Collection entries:
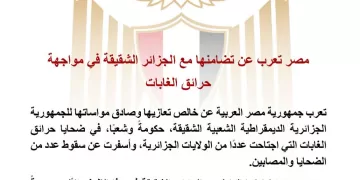 L’Égypte exprime sa solidarité avec l’Algérie face aux incendies de forêt
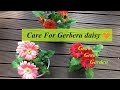 How to care for Gerbera Daisy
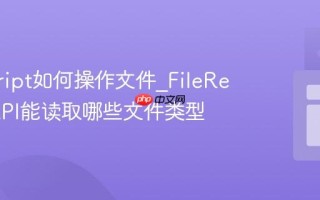 javascript如何操作文件_FileReader API能读取哪些文件类型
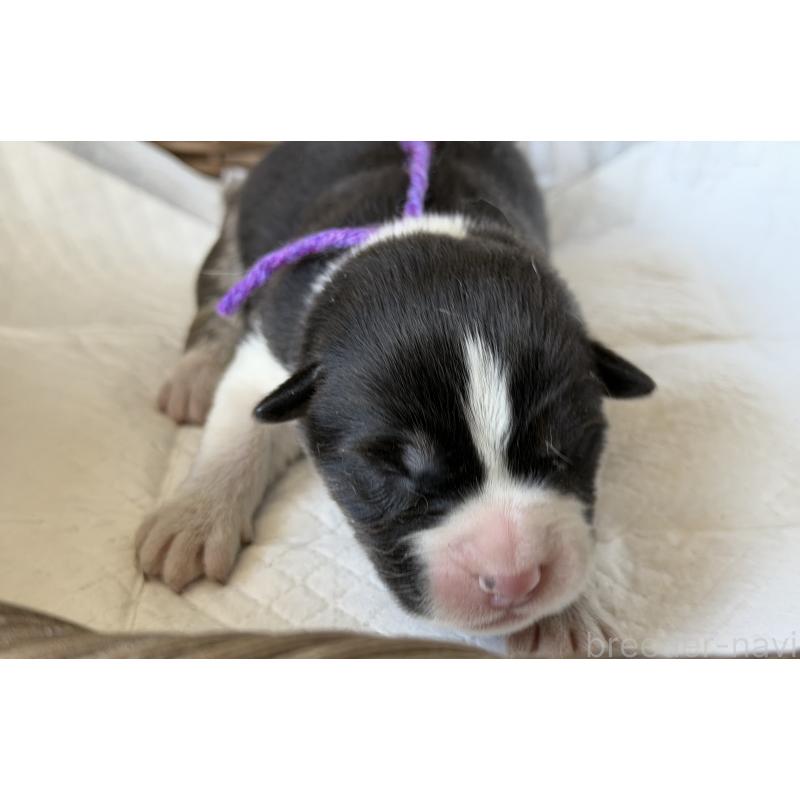 販売中の山梨県のオゥスキー:オーストラリアンシェパード×ハスキー-441730の6枚目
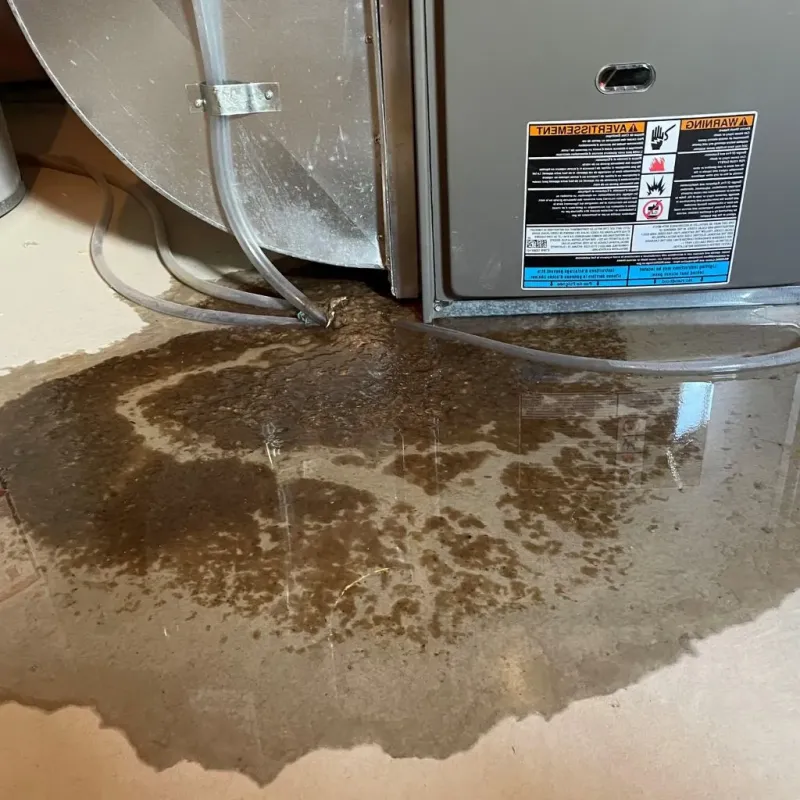 Pipe Burst and Leak Restoration in Brooklyn Park, MN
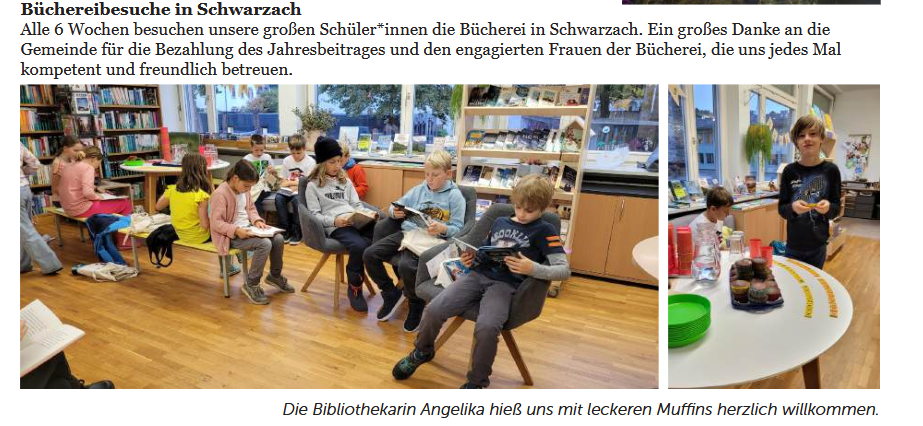 VS Bericht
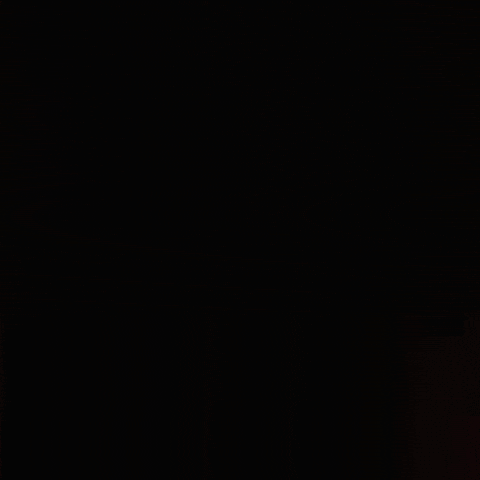 Celio Pompeu GIF by St. Louis CITY SC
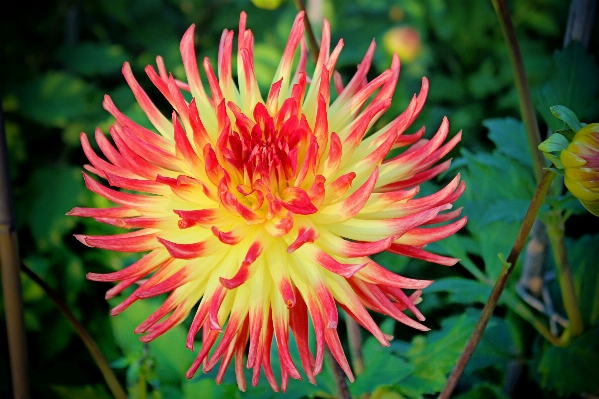 Blossom plant flower petal Photo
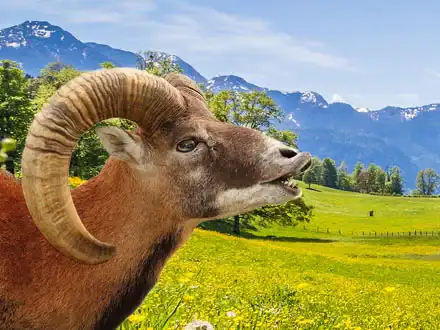 Mufflon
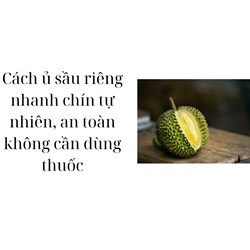 Cách ủ sầu riêng nhanh chín tự nhiên, an toàn không cần dùng thuốc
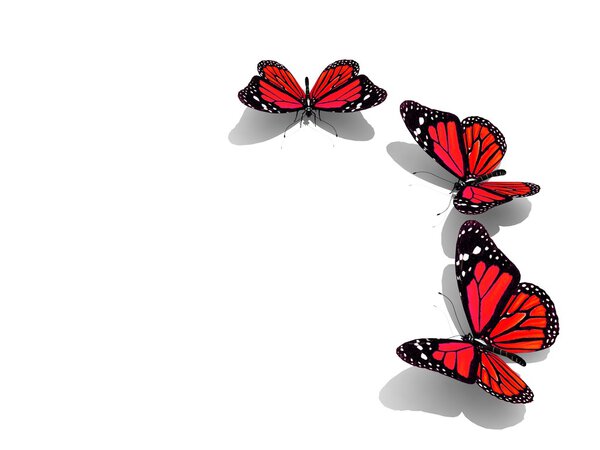 Group of beautiful 3d butterflies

What to do:
The lines above starting at the one that holds "販売中の山梨県のオゥスキー:オーストラリ" and ending at the one that holds "Cách ủ sầu riêng" are to be written out exactly, ends included, and no pictures are to be copied.

Answer box:
 販売中の山梨県のオゥスキー:オーストラリアンシェパード×ハスキー-441730の6枚目
 Pipe Burst and Leak Restoration in Brooklyn Park, MN
 VS Bericht
 Celio Pompeu GIF by St. Louis CITY SC
 Blossom plant flower petal Photo
 Mufflon
 Cách ủ sầu riêng nhanh chín tự nhiên, an toàn không cần dùng thuốc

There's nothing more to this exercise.